Baltasar Gracián era un ejemplo magnífico en el don de la mesura y el sentido. O Quevedo. Decían lo justo y necesario de la mejor manera posible, con las palabras apropiadas, sin excesos ni redundancias. Quizá no baste con aprender en la escuela. Hacen falta modelos, en redes, en medios de comunicación, que demuestren lo que es un icono de la oratoria.
Mientras tanto, podemos ejercitarnos en callar. Es como el arte de enfadarse: saber cuándo callar, qué callar, ante quién, en la dosis exacta. Evitar cometer “sincericidios”.
Hacen falta muchos retiros de silencio. Por ejemplo, cuando a uno le operan y le prohíben hablar, se da cuenta de qué pocas palabras son necesarias realmente. Al final, todas son supletorias, y las que más nos duelen si no llegamos a decirlas, son apenas cuatro expresiones manidas, que tienden a perder su significado: lo siento, gracias, te quiero, te perdono. Llaves para la liberación propia y ajena. A ese breve repertorio añadiría apenas: sí, no.

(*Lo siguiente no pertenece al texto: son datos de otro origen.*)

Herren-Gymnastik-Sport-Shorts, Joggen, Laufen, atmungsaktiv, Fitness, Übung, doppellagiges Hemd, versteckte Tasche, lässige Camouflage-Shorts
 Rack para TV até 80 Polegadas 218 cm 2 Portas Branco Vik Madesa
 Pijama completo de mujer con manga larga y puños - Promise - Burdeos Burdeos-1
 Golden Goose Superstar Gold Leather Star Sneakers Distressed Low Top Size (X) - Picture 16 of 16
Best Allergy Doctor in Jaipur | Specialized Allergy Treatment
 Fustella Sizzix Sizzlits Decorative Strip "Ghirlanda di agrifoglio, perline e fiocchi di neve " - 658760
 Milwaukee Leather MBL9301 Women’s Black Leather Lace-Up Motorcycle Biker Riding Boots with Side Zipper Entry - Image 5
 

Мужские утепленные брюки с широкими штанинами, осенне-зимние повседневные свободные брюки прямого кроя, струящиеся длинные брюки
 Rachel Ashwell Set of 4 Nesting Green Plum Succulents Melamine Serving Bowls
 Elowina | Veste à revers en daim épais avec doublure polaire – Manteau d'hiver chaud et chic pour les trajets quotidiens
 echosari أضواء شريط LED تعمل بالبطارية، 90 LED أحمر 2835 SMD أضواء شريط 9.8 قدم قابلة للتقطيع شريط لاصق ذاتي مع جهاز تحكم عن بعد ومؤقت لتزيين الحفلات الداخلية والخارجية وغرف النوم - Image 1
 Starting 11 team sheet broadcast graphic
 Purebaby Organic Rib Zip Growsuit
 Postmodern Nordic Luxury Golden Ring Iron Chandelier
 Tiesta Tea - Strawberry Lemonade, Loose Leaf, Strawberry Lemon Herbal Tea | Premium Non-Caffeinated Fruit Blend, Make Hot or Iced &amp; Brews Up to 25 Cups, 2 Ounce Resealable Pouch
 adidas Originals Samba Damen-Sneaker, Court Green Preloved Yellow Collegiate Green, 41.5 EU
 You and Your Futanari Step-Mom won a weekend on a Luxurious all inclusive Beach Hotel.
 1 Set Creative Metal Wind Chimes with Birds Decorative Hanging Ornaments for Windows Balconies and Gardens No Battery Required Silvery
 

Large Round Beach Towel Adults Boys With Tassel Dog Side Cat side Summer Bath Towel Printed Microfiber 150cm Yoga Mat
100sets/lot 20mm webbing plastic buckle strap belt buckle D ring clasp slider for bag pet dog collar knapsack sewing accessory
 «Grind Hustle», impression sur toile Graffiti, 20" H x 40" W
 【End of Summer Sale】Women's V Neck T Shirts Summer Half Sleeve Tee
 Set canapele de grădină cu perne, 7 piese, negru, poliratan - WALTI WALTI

A menudo callar evita conflictos. No obstante, cuidado: callar cuando se debe hablar, te omite y ningunea, y acumula violencia contra tu propia voz, que tomará la forma de una pasividad agresiva. Estallará en el momento menos pensado, salpicando de rabia a personas que probablemente ya no tengan nada que ver con el incidente original. Para eso hay que aprender comunicación no violenta, ser asertivo, respirar hondo, medir las palabras, meditar.
Las palabras se cargan de sentido y autoridad cuando son vividas, ejemplificadas, reflexionadas, usadas con precisión. Hablar con arte es esculpir con un cincel de cuidado cada detalle: revisar, corregir, pulir.
Hablar poco, diciendo mucho, ese es el desafío. Bien lo saben muchas madres, padres, abuelas, abuelos, que, con una mirada, cambian nuestros actos. Como dije en un poema hace años: “solo quien calla contiene/ fuerza suficiente para el grito”.